PROBLEM DETAILS:
What is needed is an exact copy of the records, with the images left out.

□ □ □ □ □ □ □

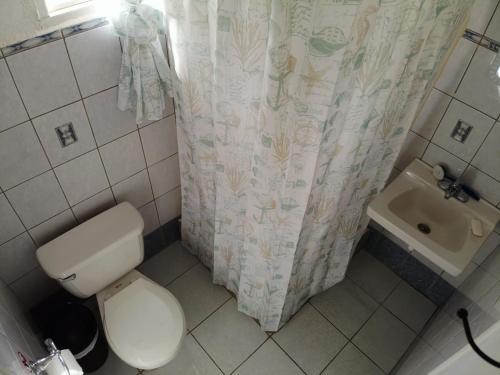 Hostel Room Aruba的一间浴室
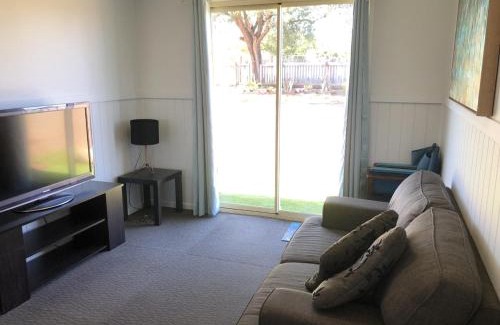 Lynwood Apartment | Cosy Country Stay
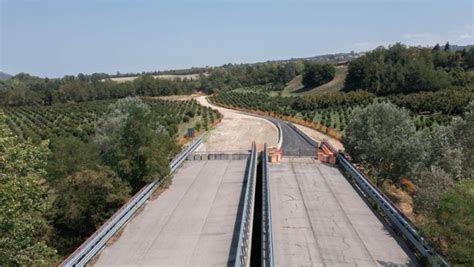 Autostrada Asti Cuneo Inaugurazione Anticipata Ecco Quando La Stampa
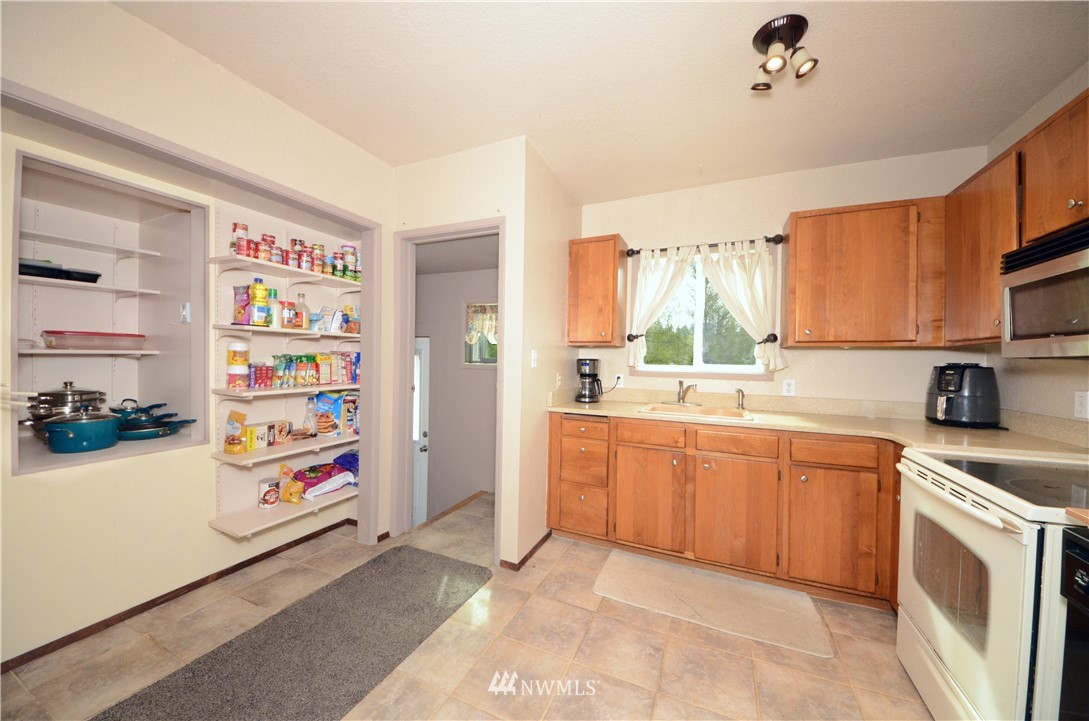 16529 Case Road Southwest Rochester, WA 98579 - Photo 6 of 40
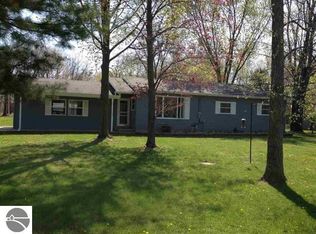 8941 Harding Ave, Farwell, MI 48622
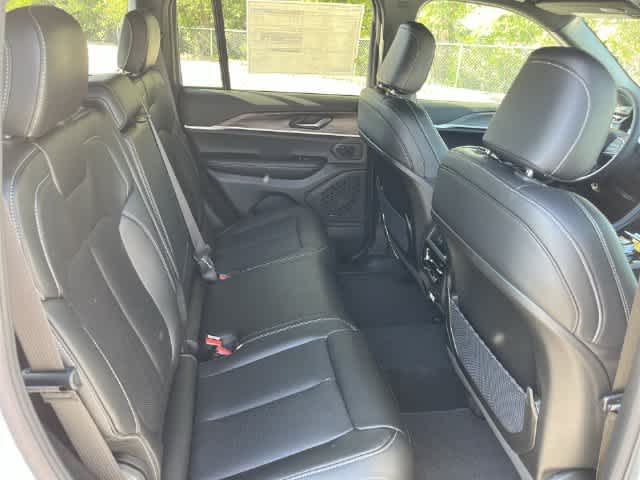 2027 Jeep Grand Cherokee GRAND CHEROKEE LIMITED 4X4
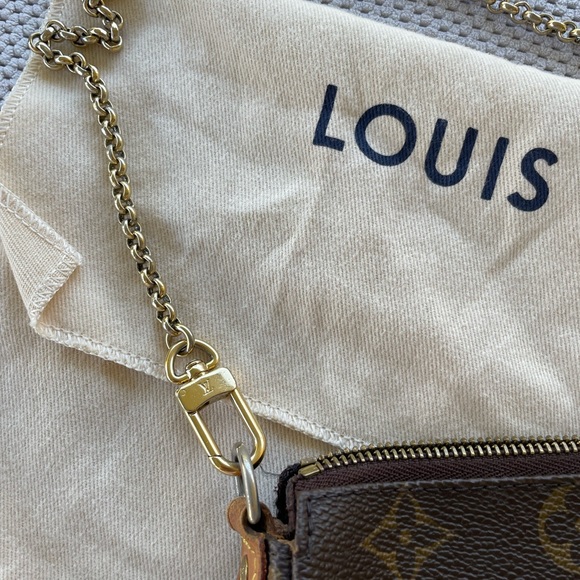 Authentic Louis Vuitton Eva Monogram with strap - Picture 4 of 13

□ □ □ □ □ □ □

WRITTEN SOLUTION:
 Hostel Room Aruba的一间浴室
 Lynwood Apartment | Cosy Country Stay
 Autostrada Asti Cuneo Inaugurazione Anticipata Ecco Quando La Stampa
 16529 Case Road Southwest Rochester, WA 98579 - Photo 6 of 40
 8941 Harding Ave, Farwell, MI 48622
 2027 Jeep Grand Cherokee GRAND CHEROKEE LIMITED 4X4
 Authentic Louis Vuitton Eva Monogram with strap - Picture 4 of 13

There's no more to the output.